The goal of this online presentation is to help you get the most of the Webform module while ensuring all your questions are answered. 

The format of this presentation will be walking through my list of the Webform module's top ten features with user questions answered after each feature segment. There will be live demos with an actual working instance of the Drupal and the Webform module. This working instance of the Webform module will also be used to answer your questions.

Participants do not need to have any prior experience with the Webform module. It helps if you take the Webform module for a spin and watch this introduction video.

Using the Robot Task Runner to Improve Developer Workflows

Speaker: markdorison
Audience: Intermediate
Track: DevOps

Learn how to use the Robo PHP task runner to transform your project’s complicated, multi-step processes into simple commands so your team can preserve their sanity and become more efficient in the process.

Have your projects become festooned with scripts and complex multi-step documentation to support tasks such as deployments, code linting, tests, database backups, and multi-site creation? Perhaps it’s time to consider the role of a “task runner” to replace these difficult-to-maintain linchpins. A task runner such as PHP’s Robo will allow you to consolidate this functionality, maintain it in the primary language of your project, expose it to users easily, and even share it across multiple projects!
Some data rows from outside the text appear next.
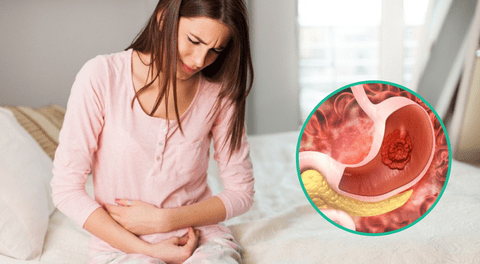 Los síntomas de cáncer de estómago a menudo se confunden con un virus o úlceras estomacales.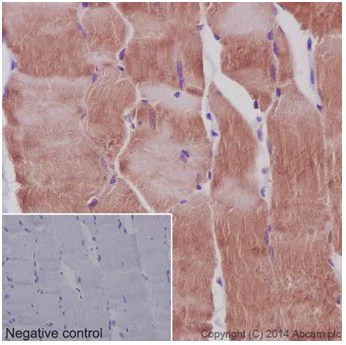 Immunohistochemistry (Formalin/PFA-fixed paraffin-embedded sections) - Anti-MEK3 + MEK6 antibody [EPR17345] - BSA and Azide free (AB250507)
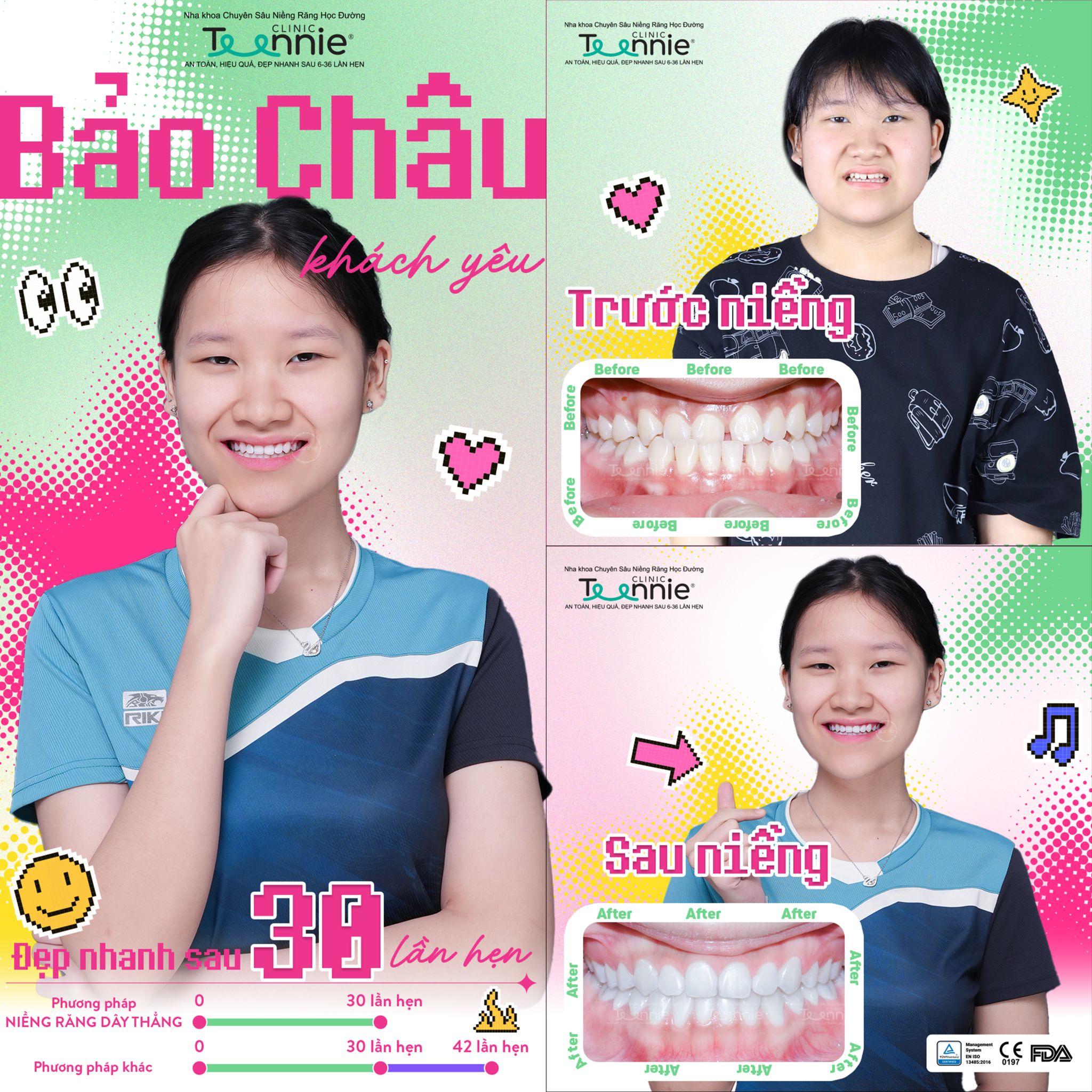 thâm nướu khi niềng - hình 5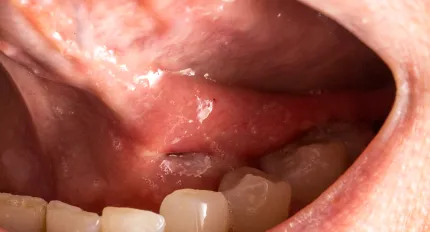 Leukoplakia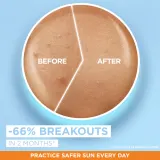 Garnier Ambre Solaire Super UV Niacinamide - Легкий защитный флюид против несовершенств кожи SPF 50+, 40 мл — фото 4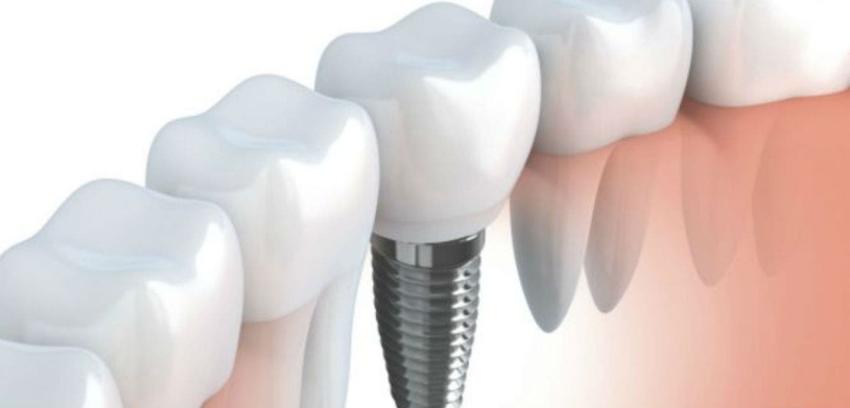 ¿Qué pasa si no se cuida a los implantes dentales como se debe?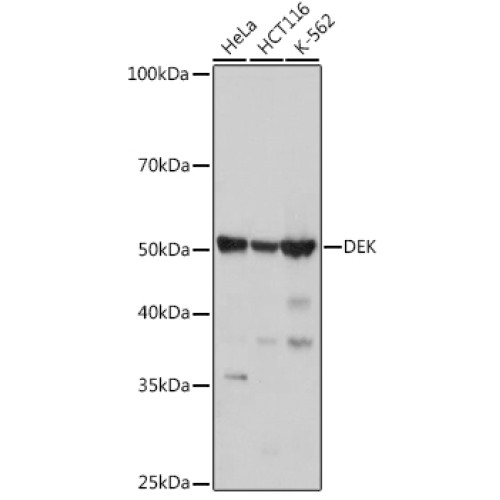 DEK Rabbit mAb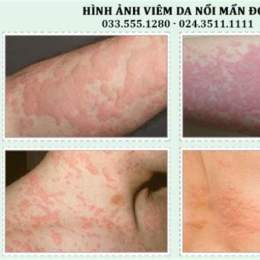 da nổi mẩn như da gà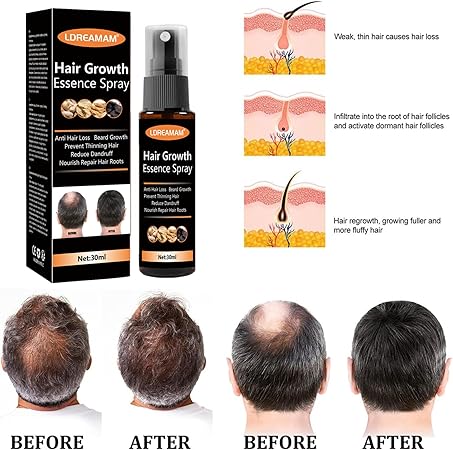 Hair Regrowth Spray (Original)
Putting GatsbyJS into terms a Drupal developer can understand

Speaker: Dorf
Audience: Intermediate
Track:

GatsbyJS is a great front end for a decoupled Drupal application, but learning how to use it can be scary for someone used to living in Drupal-land on the Island of PHP. Join me as I break down some of the components of Gatsby into their analagous Drupal parts to help get a clearer conception of what it's actually doing and how it's doing it, and maybe we'll even blur the lines between front and back end.

Description

What is a node? What is a page? What is a template? If you live in Drupal-land, these are all familiar terms, but once you step foot into Gatsby-topia they all have different meanings. Don't worry, we'll figure it out together. During my time working with Gatsby, I've found several analogies between Drupal and Gatsby that have helped me to conceptualize what is actually happening behind the scenes and enabled me to architect Drupal and Gatsby applications. Once I unlocked the Secret Code of Gatsdrupbyal™ everything in the world (read project) began to make sense.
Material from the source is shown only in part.